[What you are asked to do] Below, some lines carry pictures; leave those pictures out and retype exactly the lines from the one with "Mint Mojito" through the one with "Fragment of Humanity Steam CD Key".

[Data supplied]
□ □ □

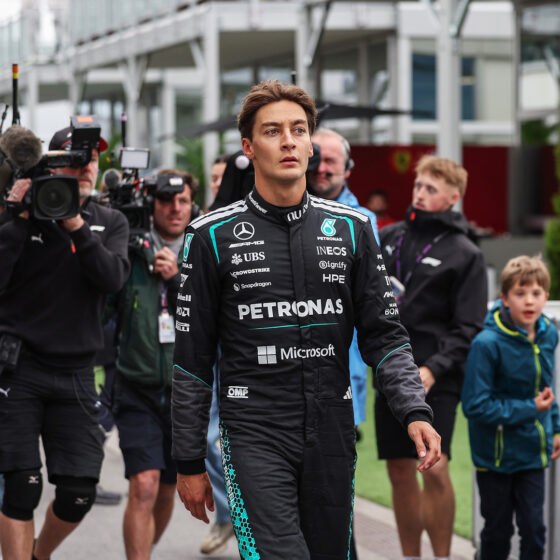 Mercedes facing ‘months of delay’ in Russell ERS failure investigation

□ □ □

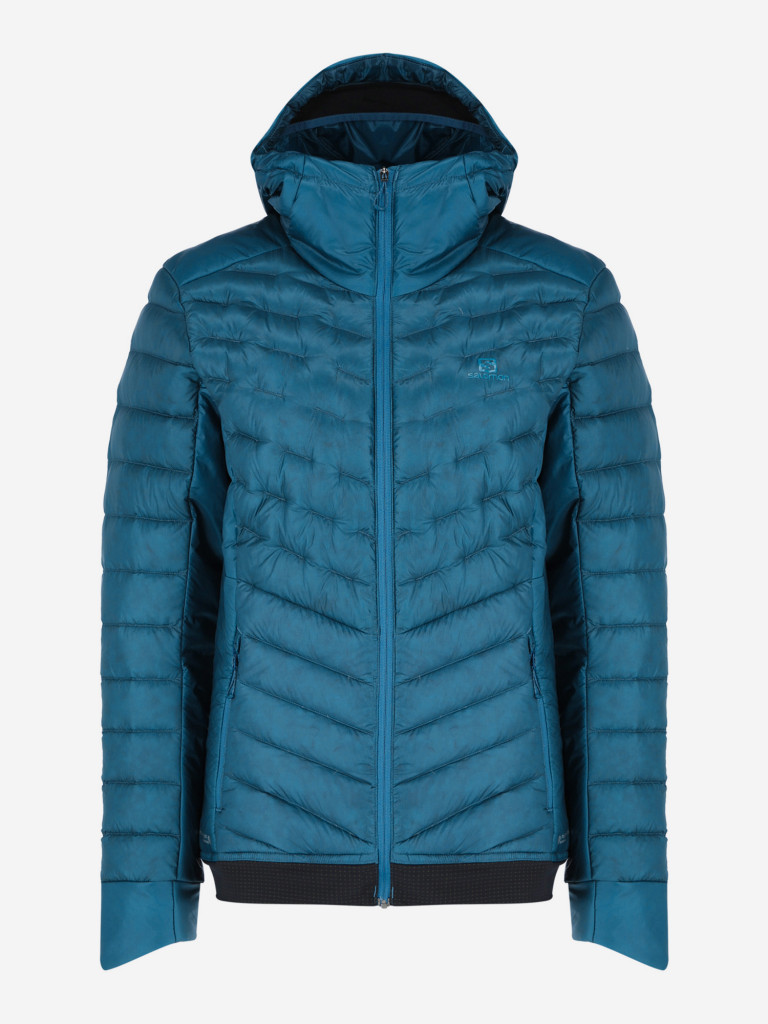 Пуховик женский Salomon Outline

□ □ □

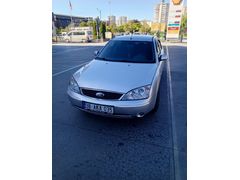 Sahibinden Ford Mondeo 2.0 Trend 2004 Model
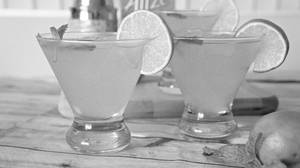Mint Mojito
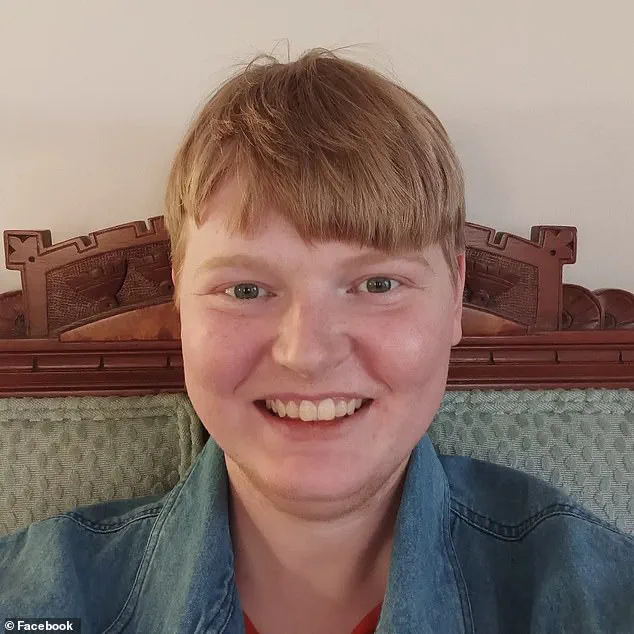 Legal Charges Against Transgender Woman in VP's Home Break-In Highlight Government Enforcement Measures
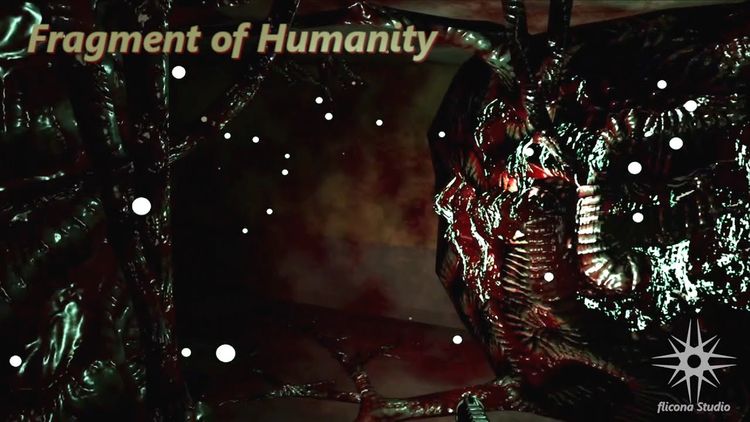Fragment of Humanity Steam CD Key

□ □ □

[Exercise answer]
Mint Mojito
 Legal Charges Against Transgender Woman in VP's Home Break-In Highlight Government Enforcement Measures
Fragment of Humanity Steam CD Key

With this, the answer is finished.